**** Dataset records
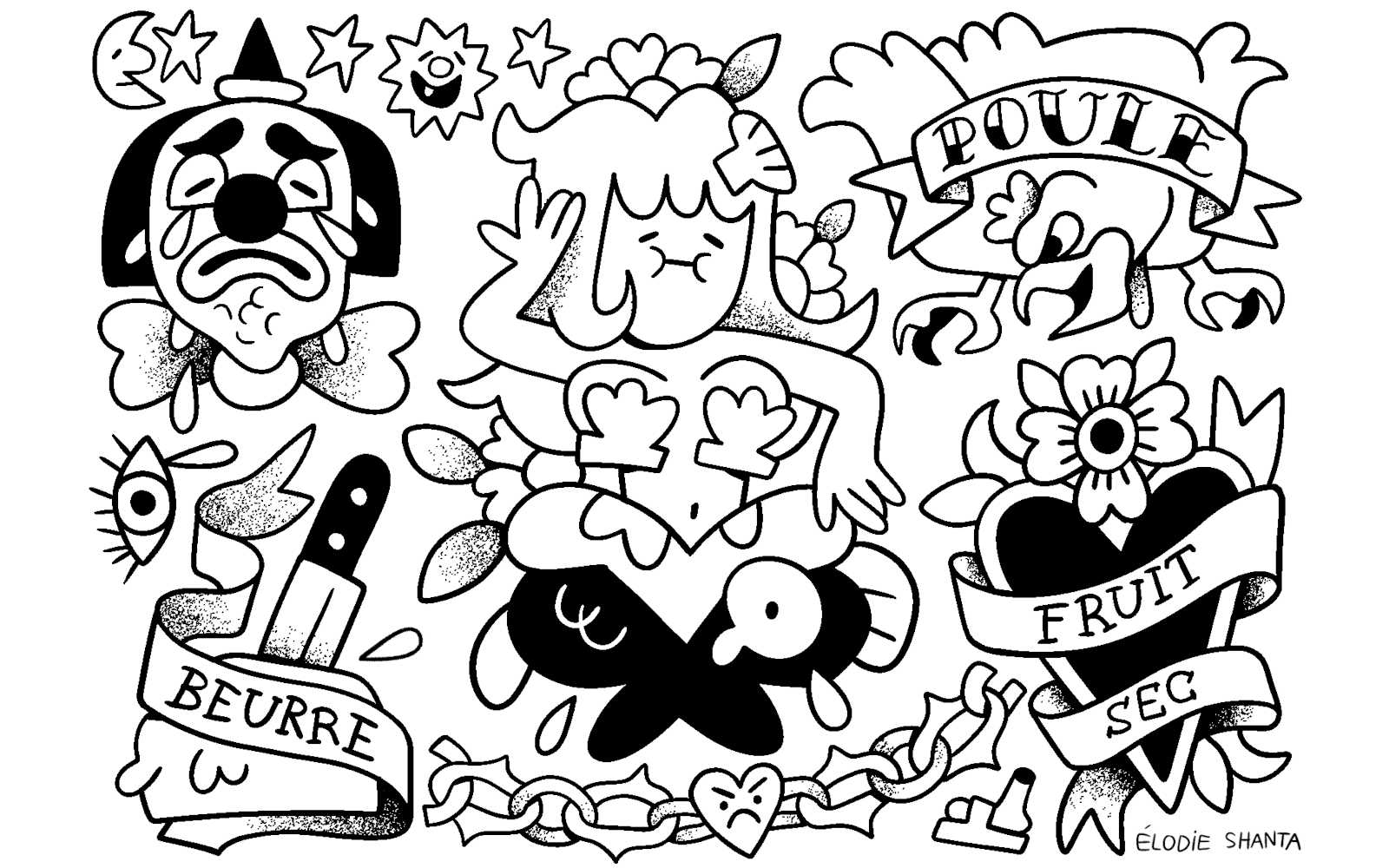 Couvertude de Planche de tatouage Elodie Shanta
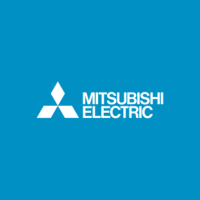 Le logo mitsubishi electric est sur fond bleu.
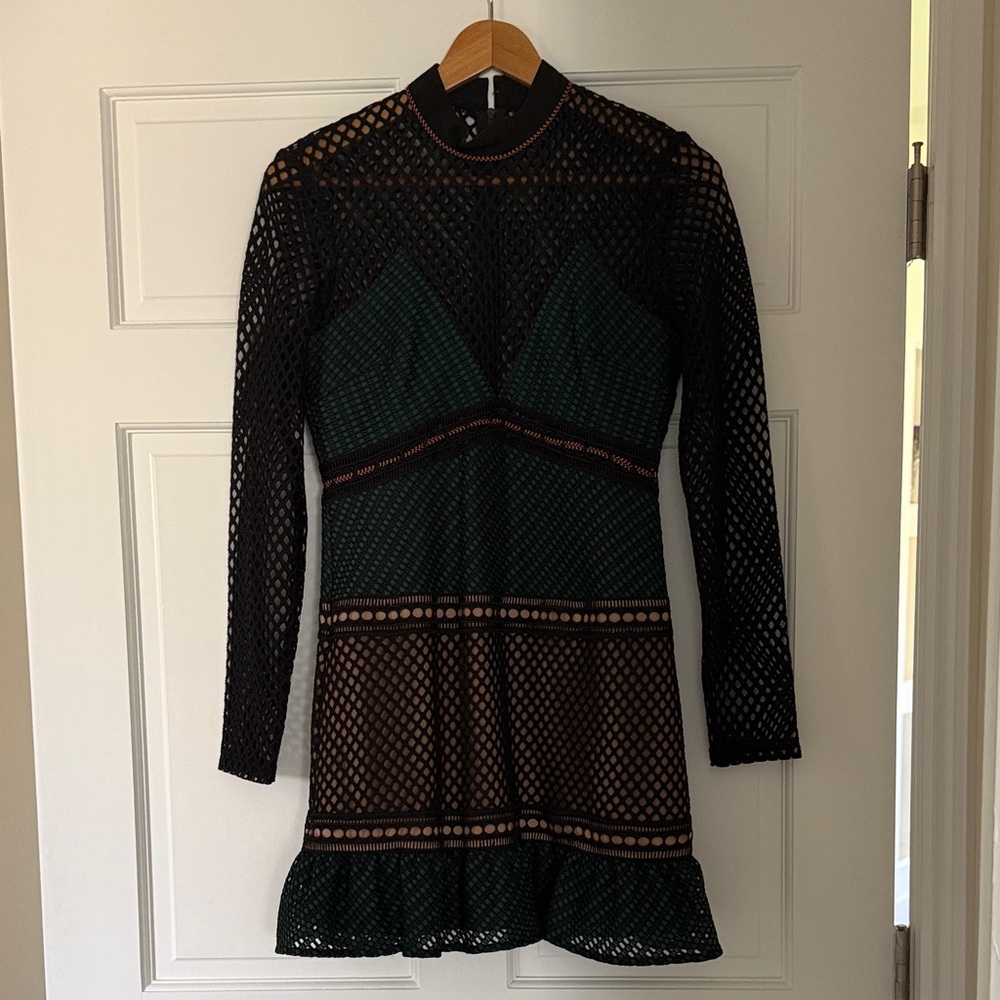Self-Portrait Forest Mixed Fishnet Mini Dress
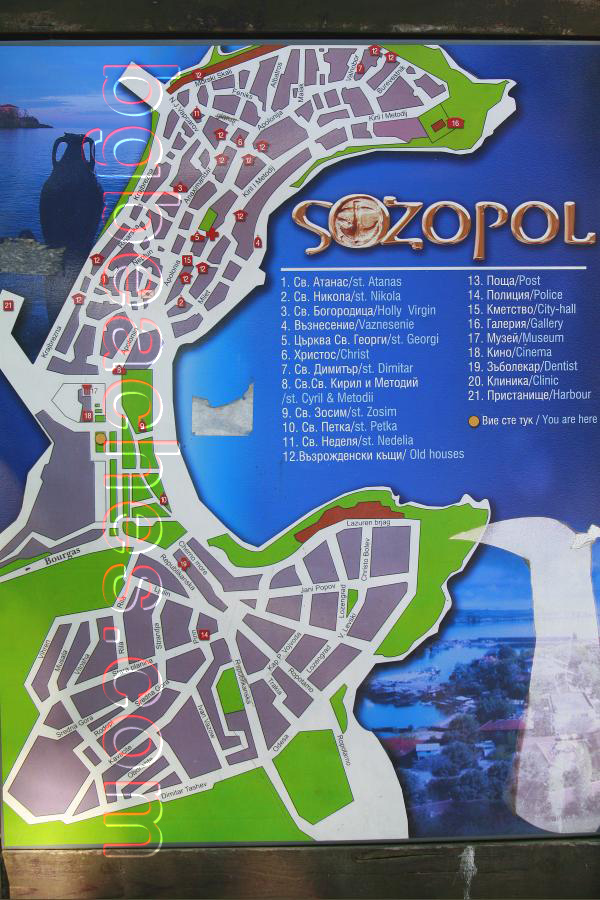 This is the best map of Sozopol showing all the important places you might need.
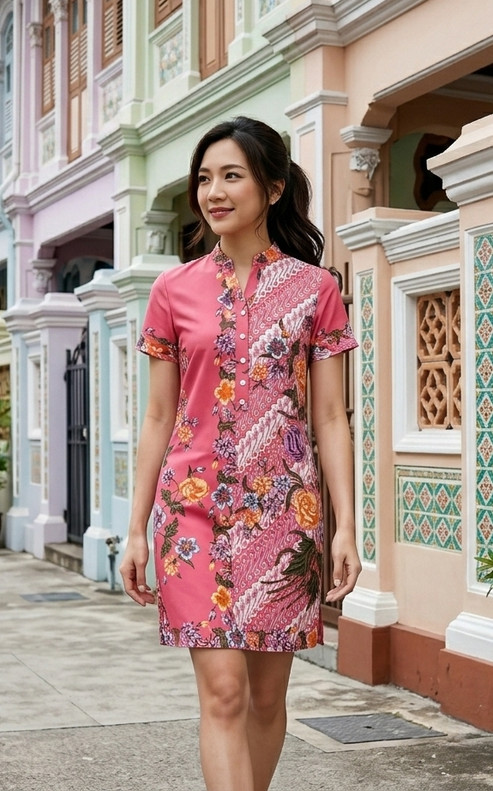 Reina Batik Shift Dress - Pink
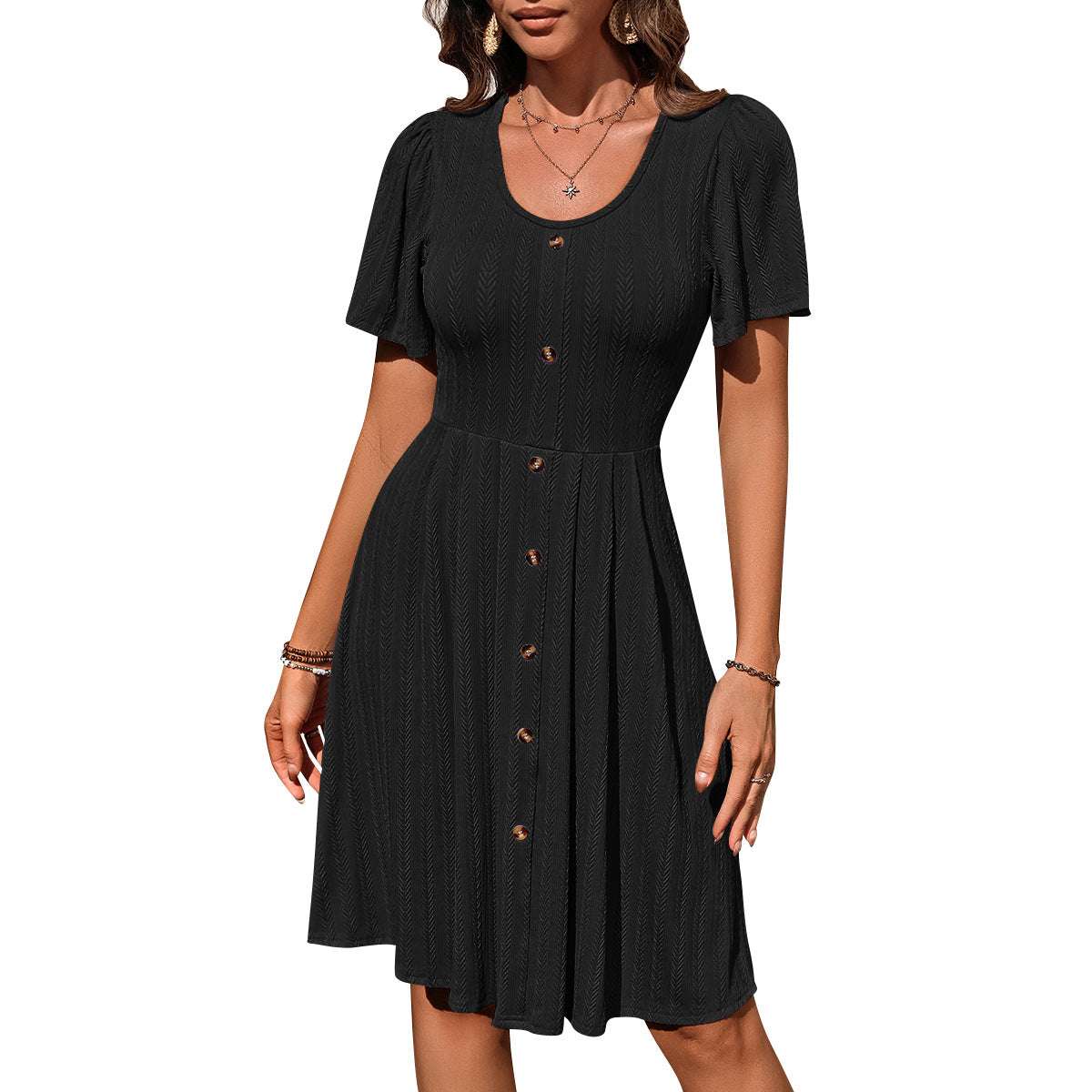 Black summer U-neck short-sleeved dress with button front design for casual holiday wear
********
Required work:
Set down, word for word, only the lines running from the line with "This is the" through the final line of the entries above, omitting all pictures.

Result below:
 This is the best map of Sozopol showing all the important places you might need.
 Reina Batik Shift Dress - Pink
 Black summer U-neck short-sleeved dress with button front design for casual holiday wear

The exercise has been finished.